RSP Penuh, IZI Sewakan Rumah Untuk Pasien Pengidap Kanker Otak

Konten ini adalah kiriman dari pembaca dakwatuna.com. Kirimkan informasi, gagasan, pemikiran, atau pendapat dari Anda dalam bentuk tulisan kepada kami, klik di sini.
Pasien Entin ketika Disewakan Rumah Perawatan oleh IZI. (foto: dok. pribadi)

dakwatuna.com – Jakarta. Rumah Singgah Pasien (RSP) Lembaga Amil Zakat Nasional (LANZAS) Inisiatif Zakat Indonesia (IZI) hingga kini selalu menjadi rujukan bagi para pasien yang kalangan dhuafa.

Jarak yang sangat jauh bila harus ditempuh dari rumah pasien menuju rumah sakit adalah alasan utamanya. Mereka harus pergi dan pulang dengan jarak yang jauh ini untuk menjalani perawatan dalam kurun waktu yang ditentukan.

“Selain soal jarak, akan membutuhkan waktu yang lama dan ongkos yang besar untuk menempuh perjalanan dari tempat asal ke rumah sakit.

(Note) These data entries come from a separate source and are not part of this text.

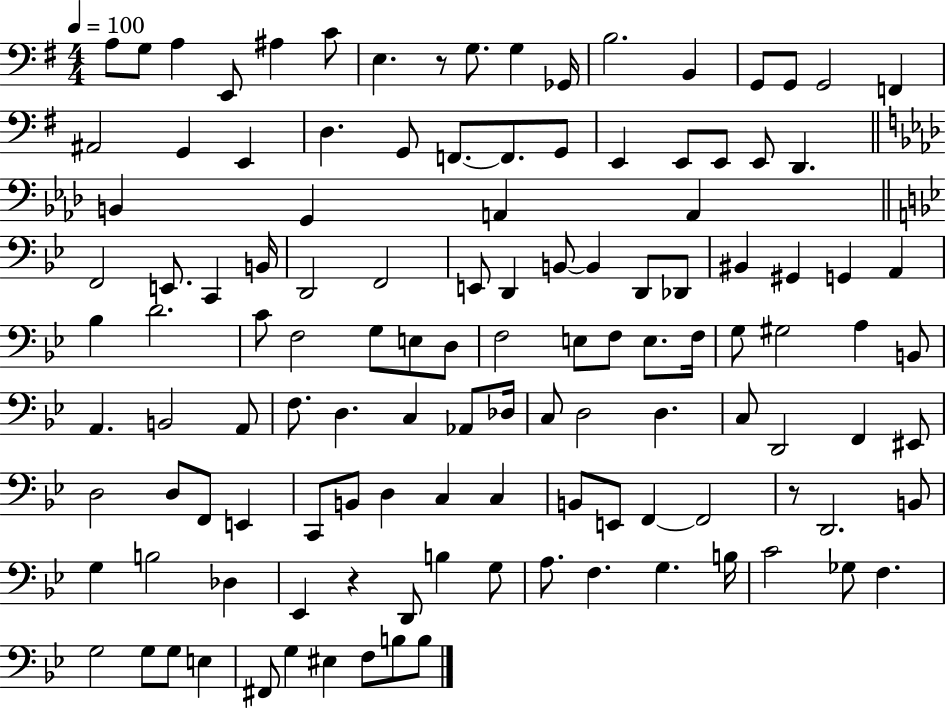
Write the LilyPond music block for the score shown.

{
  \clef bass
  \numericTimeSignature
  \time 4/4
  \key g \major
  \tempo 4 = 100
  \repeat volta 2 { a8 g8 a4 e,8 ais4 c'8 | e4. r8 g8. g4 ges,16 | b2. b,4 | g,8 g,8 g,2 f,4 | \break ais,2 g,4 e,4 | d4. g,8 f,8.~~ f,8. g,8 | e,4 e,8 e,8 e,8 d,4. | \bar "||" \break \key aes \major b,4 g,4 a,4 a,4 | \bar "||" \break \key bes \major f,2 e,8. c,4 b,16 | d,2 f,2 | e,8 d,4 b,8~~ b,4 d,8 des,8 | bis,4 gis,4 g,4 a,4 | \break bes4 d'2. | c'8 f2 g8 e8 d8 | f2 e8 f8 e8. f16 | g8 gis2 a4 b,8 | \break a,4. b,2 a,8 | f8. d4. c4 aes,8 des16 | c8 d2 d4. | c8 d,2 f,4 eis,8 | \break d2 d8 f,8 e,4 | c,8 b,8 d4 c4 c4 | b,8 e,8 f,4~~ f,2 | r8 d,2. b,8 | \break g4 b2 des4 | ees,4 r4 d,8 b4 g8 | a8. f4. g4. b16 | c'2 ges8 f4. | \break g2 g8 g8 e4 | fis,8 g4 eis4 f8 b8 b8 | } \bar "|."
}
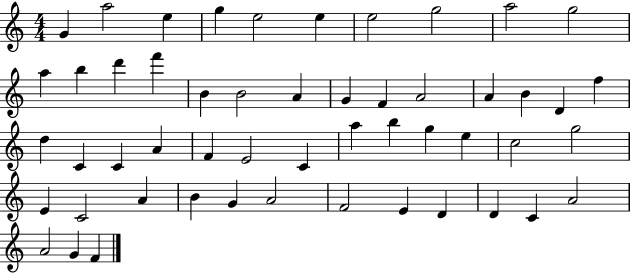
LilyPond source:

{
  \clef treble
  \numericTimeSignature
  \time 4/4
  \key c \major
  g'4 a''2 e''4 | g''4 e''2 e''4 | e''2 g''2 | a''2 g''2 | \break a''4 b''4 d'''4 f'''4 | b'4 b'2 a'4 | g'4 f'4 a'2 | a'4 b'4 d'4 f''4 | \break d''4 c'4 c'4 a'4 | f'4 e'2 c'4 | a''4 b''4 g''4 e''4 | c''2 g''2 | \break e'4 c'2 a'4 | b'4 g'4 a'2 | f'2 e'4 d'4 | d'4 c'4 a'2 | \break a'2 g'4 f'4 | \bar "|."
}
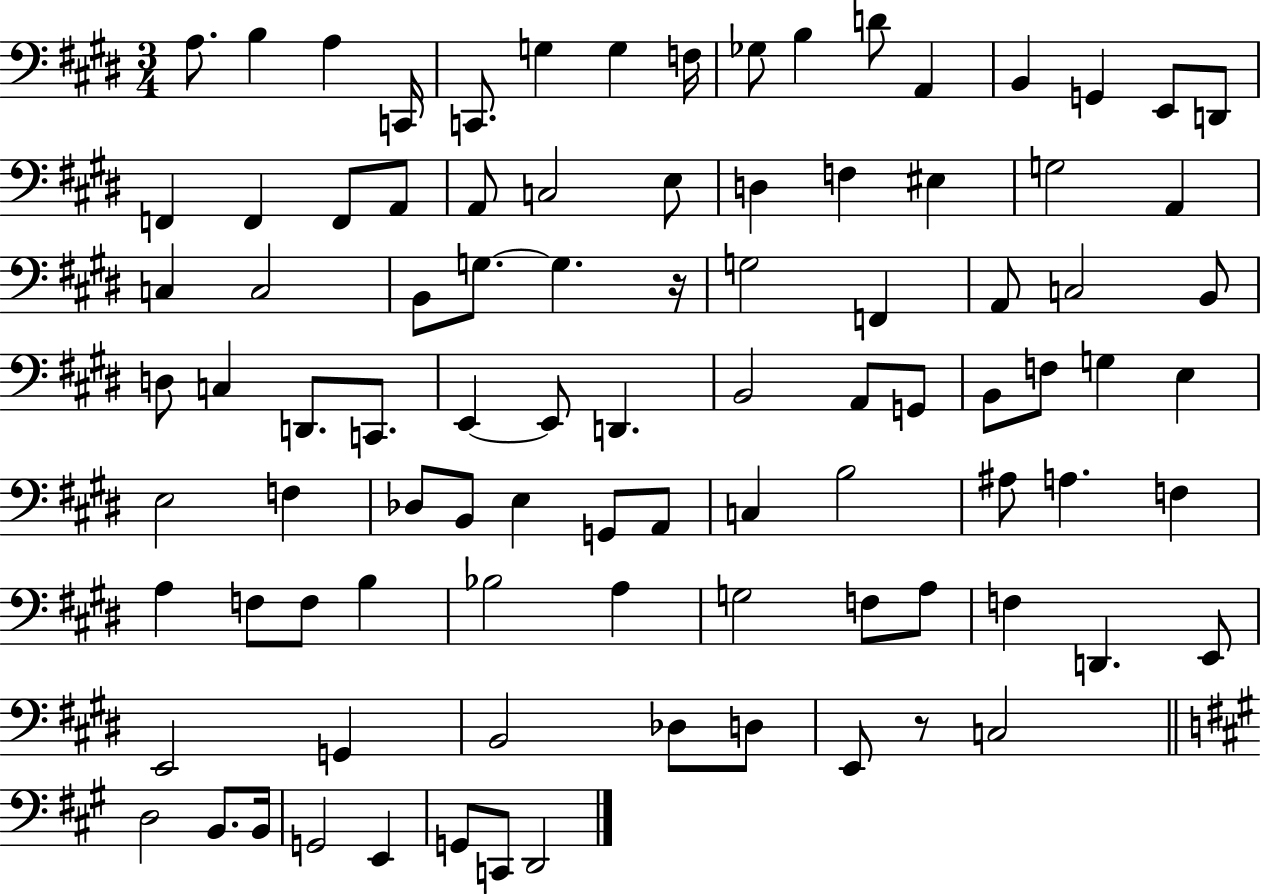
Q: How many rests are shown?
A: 2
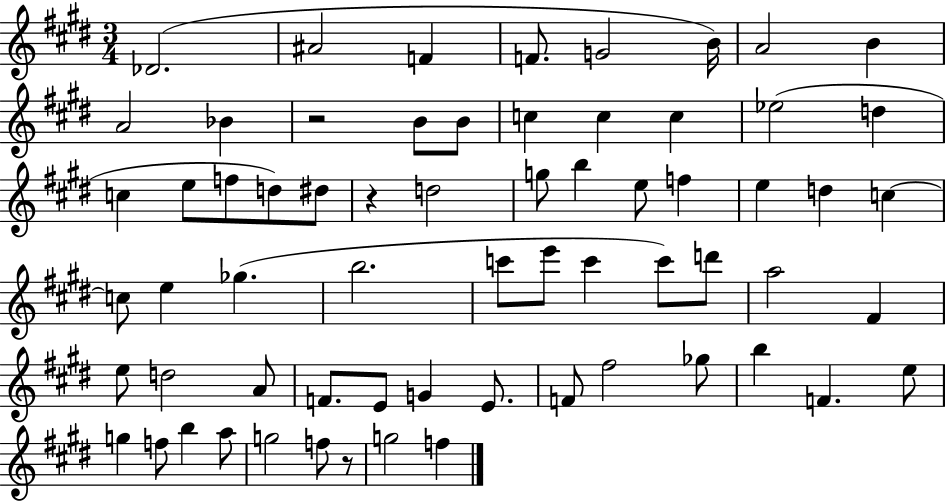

Sementara, mayoritas penghuni RSP IZI mengidap penyakit yang cukup berat, dan ini butuh istirahat yang cukup.”

Demikian disampaikan Rohandi selaku Manajer Mulia Inisiatif IZI ketika dimintai keterangan di Kantor IZI Pusat pada Kamis (23/11/2017).

Akibat membludaknya jumlah penghuni RSP IZI Salemba, IZI belum bisa mengabulkan permintaan pasien asal Pandeglang Banten untuk singgah di RSP IZI Salemba.

Permintaan pasien bernama lengkap Entin Suhartini (39) ini harus tertunda karena tempat tidur di RSP IZI dalam keadaan penuh. RSP yang berkapasitas enam tempat tidur untuk pasien laki-laki dan delapan untuk perempuan ini sedang terisi penuh.

Kemudian Rohandi kembali menanggapi hal ini. IZI berinisiatif mencarikan tempat di sekitar Salemba yang tidak jauh dari RSP dan Rumah Sakit Cipto Mangunkusumo (RSCM).

“Karena jumlah pasien RSP yang padat, akhirnya kami berinisiatif mencari dan menyewa rumah yang terdiri dari 4 ruangan. Dan tempat ini kami sewa untuk sepekan ke depan khusus untuk Pasien bernama Entin.” Tambah Rohandi.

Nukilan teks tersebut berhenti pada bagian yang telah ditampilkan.